__Requirement__
Output each of the entries exactly, skipping every picture they contain.

[[ Available data, beginning ]]

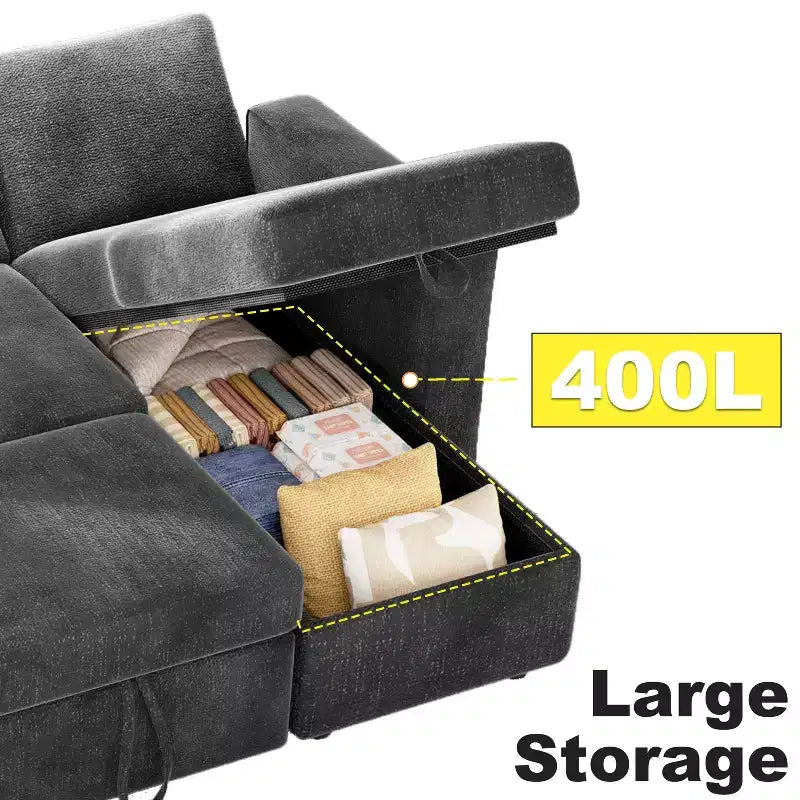 Dyonery Divano Letto Angolare 81, Divano Estraibile a L con Chaise Longue Reversibile con Contenitore, USB, Schienale Reclinabile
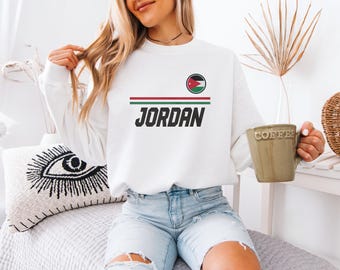 Jordan Supporters Flag Logo Style Graphic Tee, 2026 Soccer USA Inspired for Fans Design, North America 26' Football Vibes Unisex T-Shirt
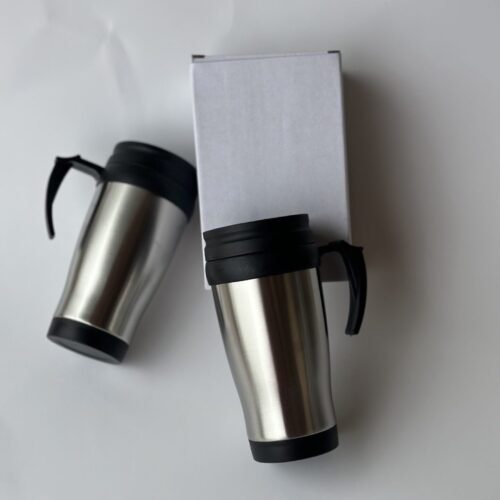 Inside plastic outside stainless steel travel mug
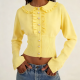Playful Yellow Cardigan with Ruffles & Pearls
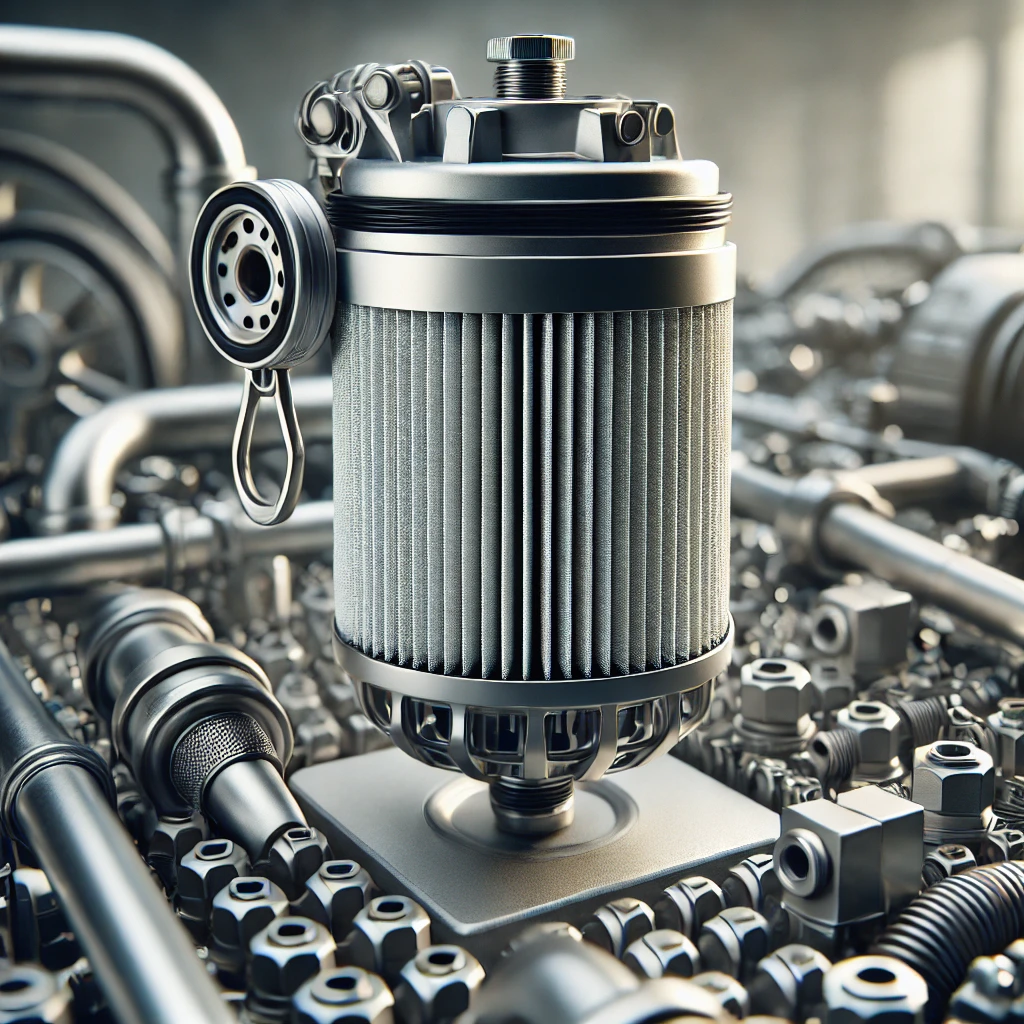 Detailed view of car fuel filter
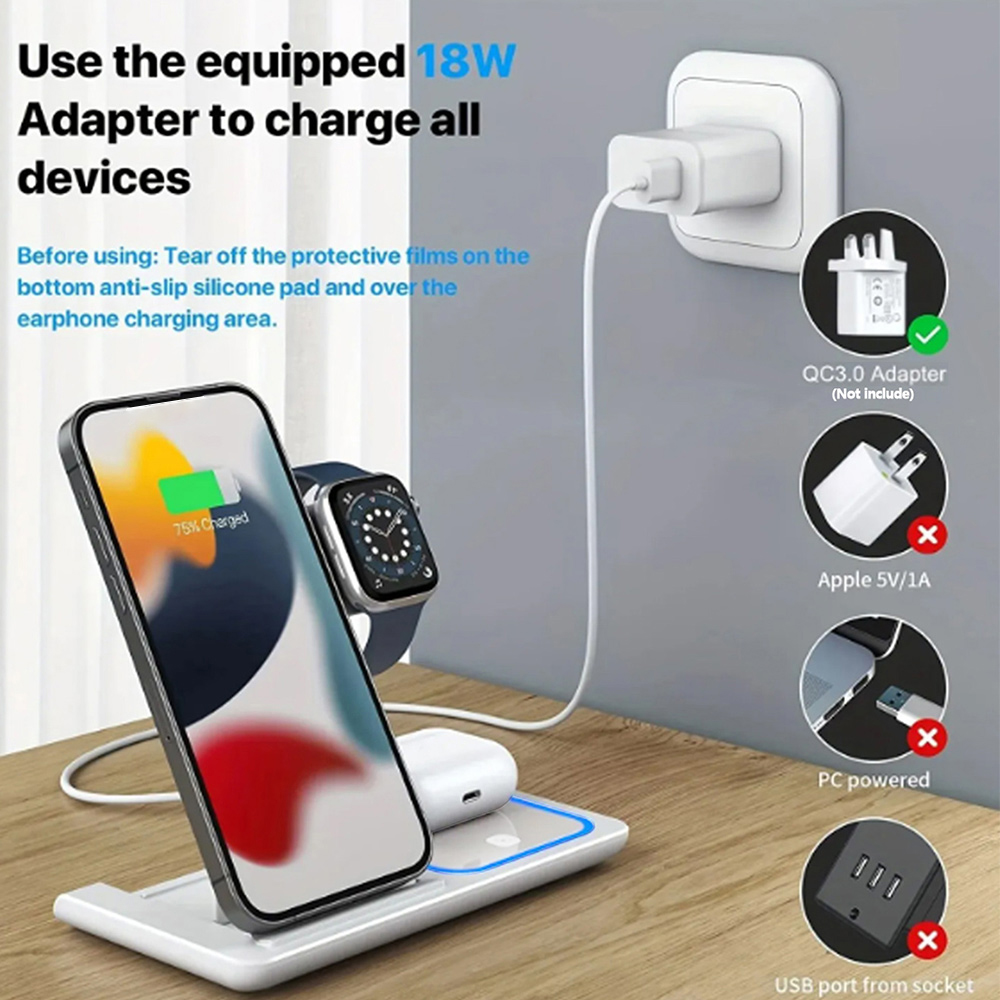 15W 3 in 1 Wireless Charger St - Wireless Charger Watch recension och pris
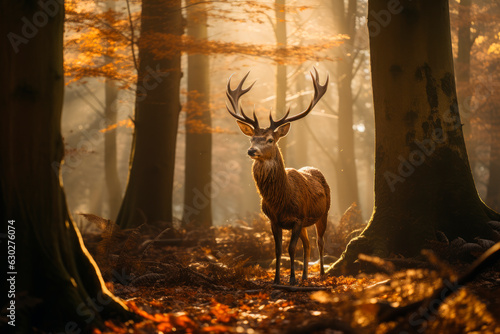 Deer with a big horns, king of the forest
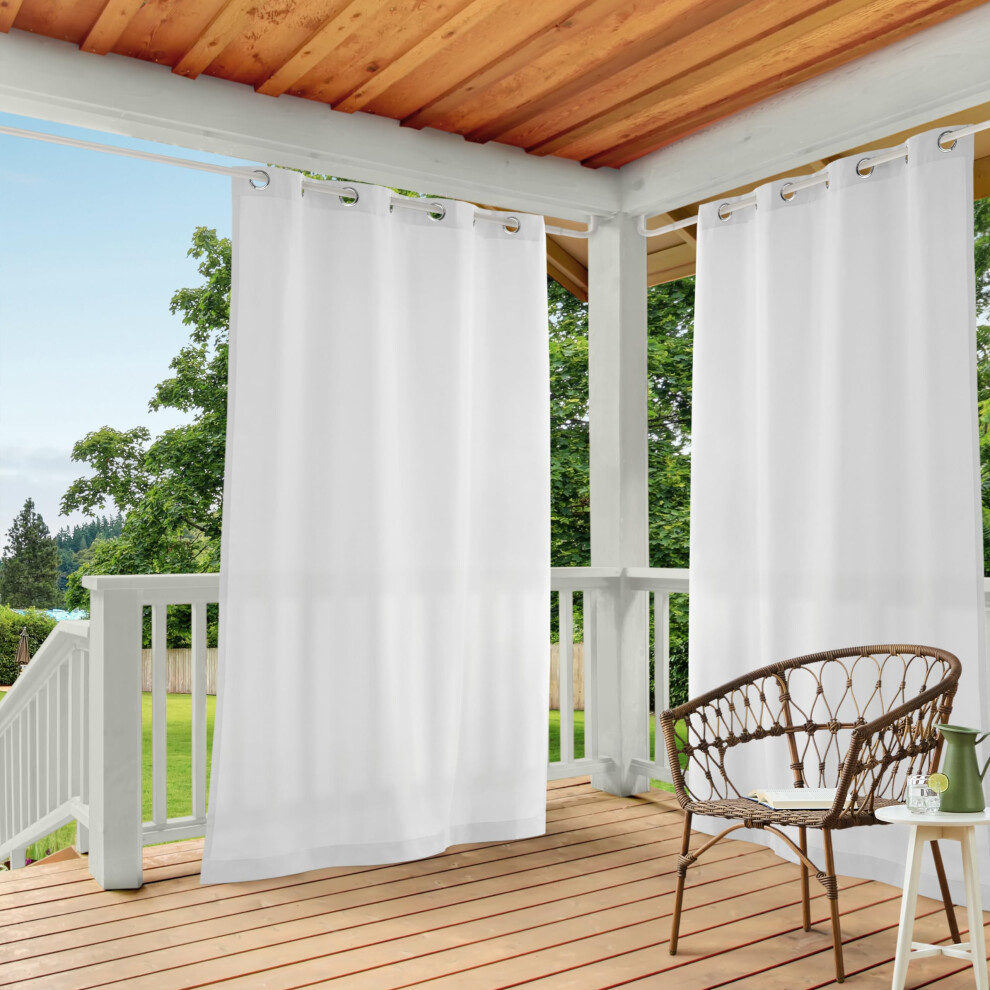 TOWN & COUNTRY BASICS Cabana Solid GT Indoor/Outdoor Light Filtering Grommet Top Curtain Panel Pair  54x120  White
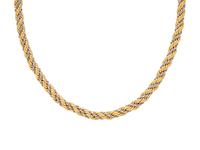 ITALIAN, BICOLOR GOLD CONVERTIBLE ROPE CHAIN NECKLACE AND BRACELET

[[ Available data, end ]]

__Worked solution__
 Dyonery Divano Letto Angolare 81, Divano Estraibile a L con Chaise Longue Reversibile con Contenitore, USB, Schienale Reclinabile
 Jordan Supporters Flag Logo Style Graphic Tee, 2026 Soccer USA Inspired for Fans Design, North America 26' Football Vibes Unisex T-Shirt
 Inside plastic outside stainless steel travel mug
Playful Yellow Cardigan with Ruffles & Pearls
 Detailed view of car fuel filter
 15W 3 in 1 Wireless Charger St - Wireless Charger Watch recension och pris
 Deer with a big horns, king of the forest
 TOWN & COUNTRY BASICS Cabana Solid GT Indoor/Outdoor Light Filtering Grommet Top Curtain Panel Pair  54x120  White
 ITALIAN, BICOLOR GOLD CONVERTIBLE ROPE CHAIN NECKLACE AND BRACELET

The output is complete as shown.